The good news is most of these skills can easily be learned online or on campus through the IT Services Student Computer Lab located on the first floor of the Ottenheimer Library in room LIB 104. Also see the additional resources section at the end of this article for a list of helpful websites.

Online courses are easier (or harder) than traditional courses.

The truth is online courses are really no different than courses held on campus. The only difference is the environment in which the course material is delivered. Once you understand how to navigate the Blackboard environment, the rest is just a matter of time management. If you are considering taking an online course for the first time, it might be helpful to talk with someone that has already taken an online class.

For more information about navigating UALR’s Blackboard system, please visit the tutorials section.

It’s less time intensive than a traditional course.
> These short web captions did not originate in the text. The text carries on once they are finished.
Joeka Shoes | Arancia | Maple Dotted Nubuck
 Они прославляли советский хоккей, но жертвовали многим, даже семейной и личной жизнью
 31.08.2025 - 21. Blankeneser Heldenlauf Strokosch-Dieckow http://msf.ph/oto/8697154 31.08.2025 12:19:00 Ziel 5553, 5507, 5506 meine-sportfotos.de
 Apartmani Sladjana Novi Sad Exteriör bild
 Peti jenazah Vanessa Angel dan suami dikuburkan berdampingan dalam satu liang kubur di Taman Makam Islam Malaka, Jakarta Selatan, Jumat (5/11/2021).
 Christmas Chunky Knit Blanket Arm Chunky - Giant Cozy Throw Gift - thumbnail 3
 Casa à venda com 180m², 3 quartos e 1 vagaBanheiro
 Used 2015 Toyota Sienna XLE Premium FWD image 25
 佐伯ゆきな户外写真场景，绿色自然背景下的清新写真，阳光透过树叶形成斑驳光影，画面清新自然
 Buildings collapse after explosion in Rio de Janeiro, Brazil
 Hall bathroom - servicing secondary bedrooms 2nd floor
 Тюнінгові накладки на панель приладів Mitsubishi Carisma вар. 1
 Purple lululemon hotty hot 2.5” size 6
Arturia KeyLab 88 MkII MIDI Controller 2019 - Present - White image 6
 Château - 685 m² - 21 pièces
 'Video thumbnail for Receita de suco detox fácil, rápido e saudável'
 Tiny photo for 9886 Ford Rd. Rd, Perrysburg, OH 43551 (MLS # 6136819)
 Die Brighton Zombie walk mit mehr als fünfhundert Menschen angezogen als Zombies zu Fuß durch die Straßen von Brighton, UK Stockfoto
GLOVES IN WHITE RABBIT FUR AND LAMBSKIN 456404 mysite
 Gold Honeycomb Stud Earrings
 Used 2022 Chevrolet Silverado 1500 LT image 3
A lot of students have the misconception that because a course is online, they can complete their online assignments whenever they have some free time. Unfortunately, this approach leaves a lot of students struggling at the last minute to get assignments completed. Online courses are the same as traditional courses in that they require time spent “outside of class” to get everything done.

The best way to approach on online course is to schedule time like you would a face-to-face course. If you schedule several hours throughout the week dedicated to completing assignments for your online courses, you’ll find that the work is done in a timely manner without becoming overwhelming.

Online courses are just online textbooks.

Online courses are more than just text. There are a variety of tools in Blackboard that encourage peer-to-peer and student/teacher interactions including discussion boards, journals, blogs and wikis. Also, a lot of instructors use audio, video and web conferencing tools to engage and communicate with students.

It’s okay to be causal or informal in an online course.

Whether you are attending a class on campus or online, you must remember that you are communicating in an academic setting and should conduct yourself in a professional manner. This applies to all online correspondences related to your course from papers to emails and discussion postings.

It is inappropriate to communicate in your online course the same way you may communicate other places online. Avoid the use of text speak, poor grammar and/or spelling, and foul language.